As the dissenting justice in the court of appeals pointed out, the result the court of appeals reached was not "absolutely necessary" under these facts. 928 S.W.2d at 657 (Duncan, J., dissenting) ("[T]he issue is not whether the rules condone a patently unfair result but whether they require it.") (emphasis in original). Here, the court of appeals acknowledged that Verburgt demonstrated that he had made a bona fide attempt to timely perfect an appeal. See id. at 655.

We hold that a motion for extension of time is necessarily implied when an appellant acting in good faith files a bond beyond the time allowed by Rule 41(a)(1), but within the fifteen-day period in which the appellant would be entitled to move to extend the filing deadline under Rule 41(a)(2). Our holding does not indefinitely extend the time in which parties may perfect an appeal, as Justice Enoch implies.

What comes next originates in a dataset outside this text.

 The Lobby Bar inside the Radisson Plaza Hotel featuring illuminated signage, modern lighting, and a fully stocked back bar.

Instead, once the period for granting a motion for extension of time under Rule 41(a)(2) has passed, a party can no longer invoke the appellate court's jurisdiction. It also does not alter the time for perfecting an appeal beyond the period authorized by Rule 41(a). Nor does our holding undermine finality of judgments, as the court of appeals believed. See 928 S.W.2d at 656. Parties who prevail in the trial court will still know within the time specified in Rule 41(a)(2) whether their opponents will seek to perfect an appeal. We decline to elevate form over substance, as the dissenters would.

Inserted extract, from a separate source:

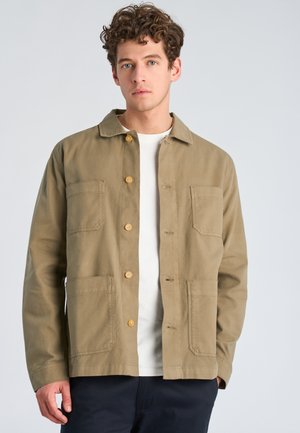 Young man with curly hair wearing a tan button-up jacket over a white shirt against a light gray background.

Accordingly, we reverse the judgment of the court of appeals and remand to that court to allow it to determine whether Verburgt offered a reasonable explanation for his failure to timely file his bond. See TEX.R.APP. 41(a)(2).

The Texas Supreme Court cases cited by the dissenters are distinguishable from this case. In Davies v. Massey, the appellant mailed his cost bond a day before it was due, but the bond was received eight days late. 561 S.W.2d 799, 800 (Tex. 1978). We held that the appellant timely perfected his appeal under Rule 5 of the Texas Rules of Civil Procedure. Id. at 801. It presents no inconsistency with this case. Glidden Company v. Aetna Casualty Surety Company was a 1956 case in which the Court held that the court of appeals should have dismissed an appeal in which the appellant filed its bond one day late. 155 Tex. 591, 291 S.W.2d 315, 317 (1956). At the time we decided Glidden, the rules allowed for no extension of time to file a cost bond, regardless of good cause. See id. 291 S.W.2d at 318 ("It is well settled, that the requirement that the bond be filed within thirty days is mandatory and jurisdictional, and that the time prescribed cannot be dispensed with or enlarged by the court for any reason."). We disapprove of Miller v. Miller, 848 S.W.2d 344 (Tex.App. — Texarkana 1993, no writ), El Paso Sharky's Billiard Parlor, Inc. v. Amparan, 831 S.W.2d 3 (Tex.App. — El Paso 1992, writ denied), and any other authorities in which the court of appeals has dismissed an appeal when the appellant has made a bona fide attempt to invoke the appellate court's jurisdiction by filing a bond within the fifteen days of the date the bond was due.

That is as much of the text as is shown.